▸ DATA PROVIDED:
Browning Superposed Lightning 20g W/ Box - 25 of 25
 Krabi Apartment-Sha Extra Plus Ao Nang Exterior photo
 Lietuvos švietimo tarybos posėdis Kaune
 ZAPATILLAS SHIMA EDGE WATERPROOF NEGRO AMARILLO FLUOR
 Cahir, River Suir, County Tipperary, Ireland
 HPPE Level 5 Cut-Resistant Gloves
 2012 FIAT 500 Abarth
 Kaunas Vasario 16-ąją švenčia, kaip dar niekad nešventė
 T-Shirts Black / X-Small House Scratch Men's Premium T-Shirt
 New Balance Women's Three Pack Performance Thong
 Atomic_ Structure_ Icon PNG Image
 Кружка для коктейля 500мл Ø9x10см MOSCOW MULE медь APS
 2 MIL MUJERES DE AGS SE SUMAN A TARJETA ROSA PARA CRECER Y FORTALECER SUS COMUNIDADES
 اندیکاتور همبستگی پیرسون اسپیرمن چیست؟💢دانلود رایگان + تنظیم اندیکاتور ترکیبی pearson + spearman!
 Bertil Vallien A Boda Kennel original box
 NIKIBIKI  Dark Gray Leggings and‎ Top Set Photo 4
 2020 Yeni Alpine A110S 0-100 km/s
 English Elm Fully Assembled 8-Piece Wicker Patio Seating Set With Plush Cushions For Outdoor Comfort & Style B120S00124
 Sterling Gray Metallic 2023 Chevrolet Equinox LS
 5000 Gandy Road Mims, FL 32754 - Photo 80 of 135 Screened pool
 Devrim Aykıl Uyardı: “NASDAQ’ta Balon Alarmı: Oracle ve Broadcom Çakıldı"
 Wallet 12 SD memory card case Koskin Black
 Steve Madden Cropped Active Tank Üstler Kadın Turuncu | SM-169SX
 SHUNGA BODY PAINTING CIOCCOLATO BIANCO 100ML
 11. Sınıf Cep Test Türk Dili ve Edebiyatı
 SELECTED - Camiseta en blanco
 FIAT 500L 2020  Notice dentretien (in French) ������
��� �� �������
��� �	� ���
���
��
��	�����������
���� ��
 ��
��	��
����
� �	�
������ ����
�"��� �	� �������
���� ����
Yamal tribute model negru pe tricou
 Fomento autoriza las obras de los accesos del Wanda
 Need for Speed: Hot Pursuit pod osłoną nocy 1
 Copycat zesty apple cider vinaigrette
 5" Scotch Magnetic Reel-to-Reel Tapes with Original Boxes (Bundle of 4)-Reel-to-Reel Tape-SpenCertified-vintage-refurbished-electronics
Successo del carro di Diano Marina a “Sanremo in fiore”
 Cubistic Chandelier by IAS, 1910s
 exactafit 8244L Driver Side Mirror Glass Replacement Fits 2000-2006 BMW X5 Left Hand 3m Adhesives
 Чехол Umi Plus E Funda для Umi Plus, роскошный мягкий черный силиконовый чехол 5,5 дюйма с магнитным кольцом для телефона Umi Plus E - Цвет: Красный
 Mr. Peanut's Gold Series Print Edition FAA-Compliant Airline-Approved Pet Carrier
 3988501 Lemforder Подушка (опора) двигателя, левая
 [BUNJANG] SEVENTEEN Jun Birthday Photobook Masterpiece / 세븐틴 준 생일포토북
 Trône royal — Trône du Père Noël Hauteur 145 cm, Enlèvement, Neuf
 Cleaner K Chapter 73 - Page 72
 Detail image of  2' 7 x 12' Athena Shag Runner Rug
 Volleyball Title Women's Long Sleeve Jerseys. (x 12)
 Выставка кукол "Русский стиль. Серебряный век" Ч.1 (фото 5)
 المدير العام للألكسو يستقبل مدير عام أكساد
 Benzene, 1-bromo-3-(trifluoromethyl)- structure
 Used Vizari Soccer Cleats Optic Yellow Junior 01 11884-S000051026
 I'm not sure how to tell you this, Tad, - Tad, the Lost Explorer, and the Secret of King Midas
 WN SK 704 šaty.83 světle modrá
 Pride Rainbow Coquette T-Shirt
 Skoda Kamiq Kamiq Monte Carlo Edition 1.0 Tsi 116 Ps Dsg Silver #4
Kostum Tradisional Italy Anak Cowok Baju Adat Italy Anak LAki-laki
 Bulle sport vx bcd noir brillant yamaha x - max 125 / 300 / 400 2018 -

▸ ASSIGNED TASK:
The full listing must be retyped precisely, with no line left out.

▸ OUTPUT OF THE EXERCISE:
Browning Superposed Lightning 20g W/ Box - 25 of 25
 Krabi Apartment-Sha Extra Plus Ao Nang Exterior photo
 Lietuvos švietimo tarybos posėdis Kaune
 ZAPATILLAS SHIMA EDGE WATERPROOF NEGRO AMARILLO FLUOR
 Cahir, River Suir, County Tipperary, Ireland
 HPPE Level 5 Cut-Resistant Gloves
 2012 FIAT 500 Abarth
 Kaunas Vasario 16-ąją švenčia, kaip dar niekad nešventė
 T-Shirts Black / X-Small House Scratch Men's Premium T-Shirt
 New Balance Women's Three Pack Performance Thong
 Atomic_ Structure_ Icon PNG Image
 Кружка для коктейля 500мл Ø9x10см MOSCOW MULE медь APS
 2 MIL MUJERES DE AGS SE SUMAN A TARJETA ROSA PARA CRECER Y FORTALECER SUS COMUNIDADES
 اندیکاتور همبستگی پیرسون اسپیرمن چیست؟💢دانلود رایگان + تنظیم اندیکاتور ترکیبی pearson + spearman!
 Bertil Vallien A Boda Kennel original box
 NIKIBIKI  Dark Gray Leggings and‎ Top Set Photo 4
 2020 Yeni Alpine A110S 0-100 km/s
 English Elm Fully Assembled 8-Piece Wicker Patio Seating Set With Plush Cushions For Outdoor Comfort & Style B120S00124
 Sterling Gray Metallic 2023 Chevrolet Equinox LS
 5000 Gandy Road Mims, FL 32754 - Photo 80 of 135 Screened pool
 Devrim Aykıl Uyardı: “NASDAQ’ta Balon Alarmı: Oracle ve Broadcom Çakıldı"
 Wallet 12 SD memory card case Koskin Black
 Steve Madden Cropped Active Tank Üstler Kadın Turuncu | SM-169SX
 SHUNGA BODY PAINTING CIOCCOLATO BIANCO 100ML
 11. Sınıf Cep Test Türk Dili ve Edebiyatı
 SELECTED - Camiseta en blanco
 FIAT 500L 2020  Notice dentretien (in French) ������
��� �� �������
��� �	� ���
���
��
��	�����������
���� ��
 ��
��	��
����
� �	�
������ ����
�"��� �	� �������
���� ����
Yamal tribute model negru pe tricou
 Fomento autoriza las obras de los accesos del Wanda
 Need for Speed: Hot Pursuit pod osłoną nocy 1
 Copycat zesty apple cider vinaigrette
 5" Scotch Magnetic Reel-to-Reel Tapes with Original Boxes (Bundle of 4)-Reel-to-Reel Tape-SpenCertified-vintage-refurbished-electronics
Successo del carro di Diano Marina a “Sanremo in fiore”
 Cubistic Chandelier by IAS, 1910s
 exactafit 8244L Driver Side Mirror Glass Replacement Fits 2000-2006 BMW X5 Left Hand 3m Adhesives
 Чехол Umi Plus E Funda для Umi Plus, роскошный мягкий черный силиконовый чехол 5,5 дюйма с магнитным кольцом для телефона Umi Plus E - Цвет: Красный
 Mr. Peanut's Gold Series Print Edition FAA-Compliant Airline-Approved Pet Carrier
 3988501 Lemforder Подушка (опора) двигателя, левая
 [BUNJANG] SEVENTEEN Jun Birthday Photobook Masterpiece / 세븐틴 준 생일포토북
 Trône royal — Trône du Père Noël Hauteur 145 cm, Enlèvement, Neuf
 Cleaner K Chapter 73 - Page 72
 Detail image of  2' 7 x 12' Athena Shag Runner Rug
 Volleyball Title Women's Long Sleeve Jerseys. (x 12)
 Выставка кукол "Русский стиль. Серебряный век" Ч.1 (фото 5)
 المدير العام للألكسو يستقبل مدير عام أكساد
 Benzene, 1-bromo-3-(trifluoromethyl)- structure
 Used Vizari Soccer Cleats Optic Yellow Junior 01 11884-S000051026
 I'm not sure how to tell you this, Tad, - Tad, the Lost Explorer, and the Secret of King Midas
 WN SK 704 šaty.83 světle modrá
 Pride Rainbow Coquette T-Shirt
 Skoda Kamiq Kamiq Monte Carlo Edition 1.0 Tsi 116 Ps Dsg Silver #4
Kostum Tradisional Italy Anak Cowok Baju Adat Italy Anak LAki-laki
 Bulle sport vx bcd noir brillant yamaha x - max 125 / 300 / 400 2018 -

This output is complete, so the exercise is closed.